But taking risks comes with all sorts of hang-ups, doesn’t it? You see, the more risks that we take, the more likely we are to fail. And the harder we fail, the harder it can be to get back up again. The harder we fail, the harder it can be to ignore the shame we feel. The harder we fail, the harder it can be to believe it is worth trying at all. It is this question – what does it take to keep trying in the face of failure and the fear of vulnerability – that we turn to this morning.
In order to do this, we will dive into the book of Hebrews, a letter written by an anonymous apostle of the early church. Scholars speculate about the writer’s background, popular theories being that Apollos or Barnabas wrote the book. Regardless of authorship, Hebrews is a beautiful series of sermons collected and sent out to the Christian community. We find ourselves smack-dab in the middle of one of these homilies in Hebrews 12.

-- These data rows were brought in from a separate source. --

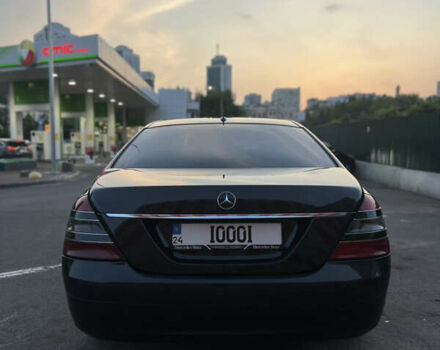 Черный Мерседес С Класс, объемом двигателя 2.99 л и пробегом 216 тыс. км за 11500 $, фото 5 на Automoto.ua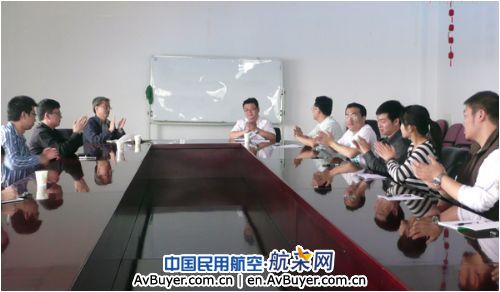 团旗飘飘 引领方向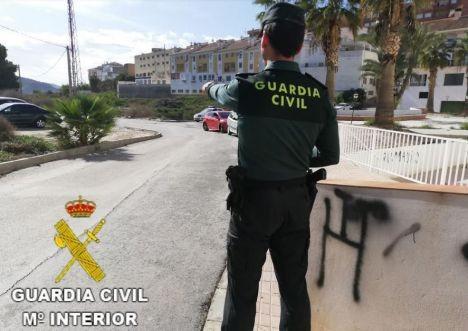 La Guardia Civil recupera los efectos sustraídos de una vivienda de Almerimar y detiene al autor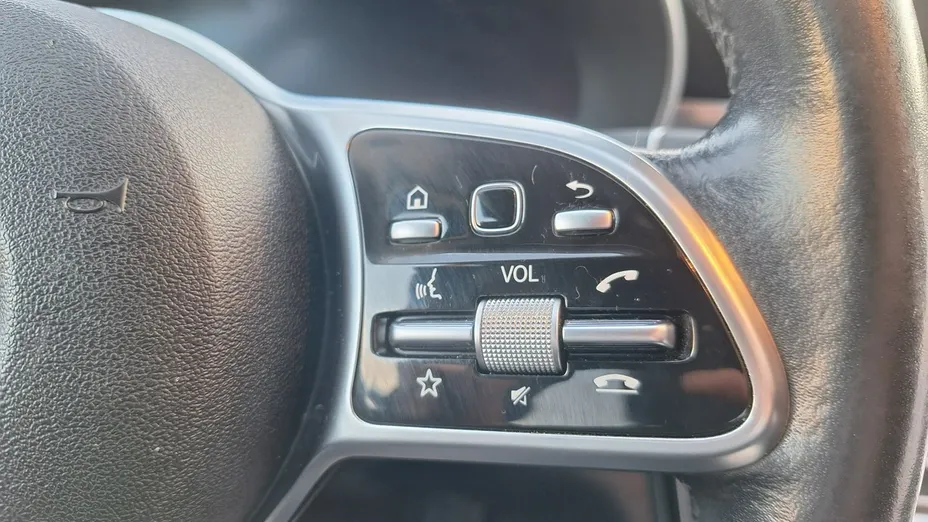 MERCEDES-BENZ C Klasa -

Hebrews 11 chronicles what you will often called see titled the ‘hall of faith,’ a brief history of the lives of the fathers and mothers of the Judeo-Christian tradition. I recommend reading chapter 11 because it makes it clear that “the great cloud of witnesses” to which we belong includes all sorts of people making decisions, both great and small, in order to be faith-full to the life God calls them to lead. The beginning of chapter 12 sets up Christ’s response to the cross as the ultimate example of this risk-taking, faith-full behavior.

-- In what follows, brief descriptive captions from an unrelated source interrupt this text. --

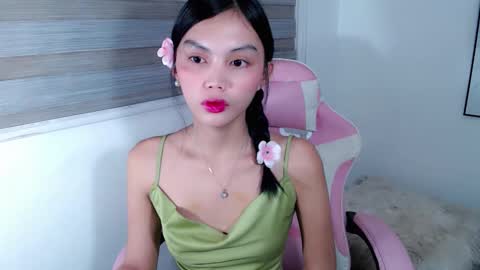 VANNESA online show from 05-17-26, 02:09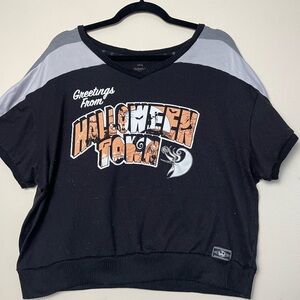 Disney Nightmare Before Christmas Women’s Size Large Short Sleeve Crop Top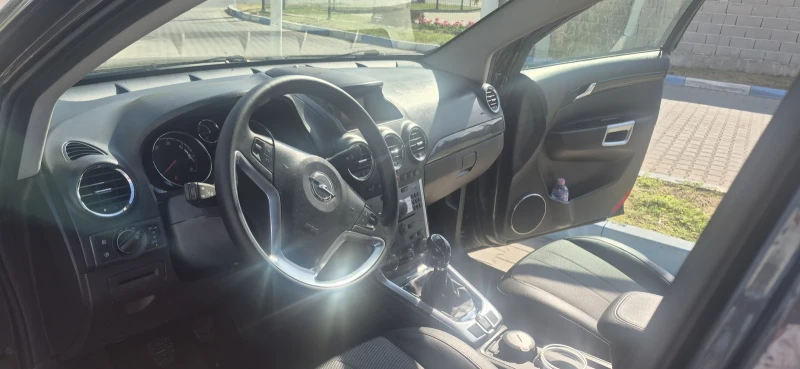 Opel Antara, снимка 8 - Автомобили и джипове - 52386224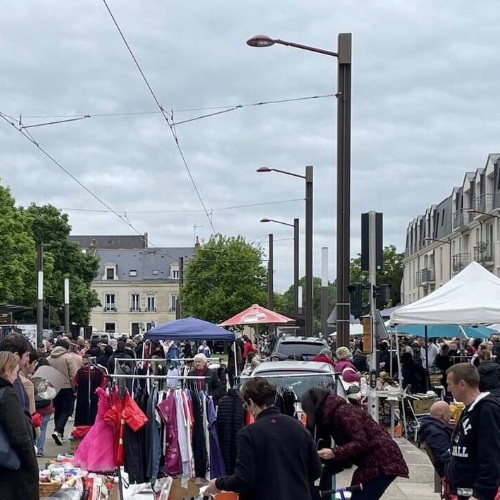 Une foule sur la rue au Mans.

Hebrews 12:1-3 addresses a culture with a heightened understanding of communal honor and shame. In this context, the honor someone receives from the people around them defines their worth in the community. The shame someone experiences is not only a personal feeling; it is also a manifestation of the community’s declaration of someone’s worthlessness. In our contemporary culture, honor and shame matter, but not to the same extent that they did during the time this was written. Avoiding embarrassment still motivates people to behave in certain ways – after all, it is human to enjoy praise. Shame is deeper than embarrassment – it’s the belief that something is so wrong with us that we do not deserve love or community. Guilt is a healthy emotion when we do something wrong. Shame can turn into self-contempt and spiral into the belief that we are bad. Brene Brown writes that human beings have three typical responses to shame: we move away from others by hiding or bring silent.
We can move towards others and become more people-pleasing. Or we move against others, which of often look like a bid for power, aggressive behavior, or intensifying the experience by out-shaming the person or people trying to shame us in the first place. I’m going to level with you: we cannot avoid shame. Shame is an inevitable part of the human experience. But what we can do is develop what Brown calls ‘shame resistance.’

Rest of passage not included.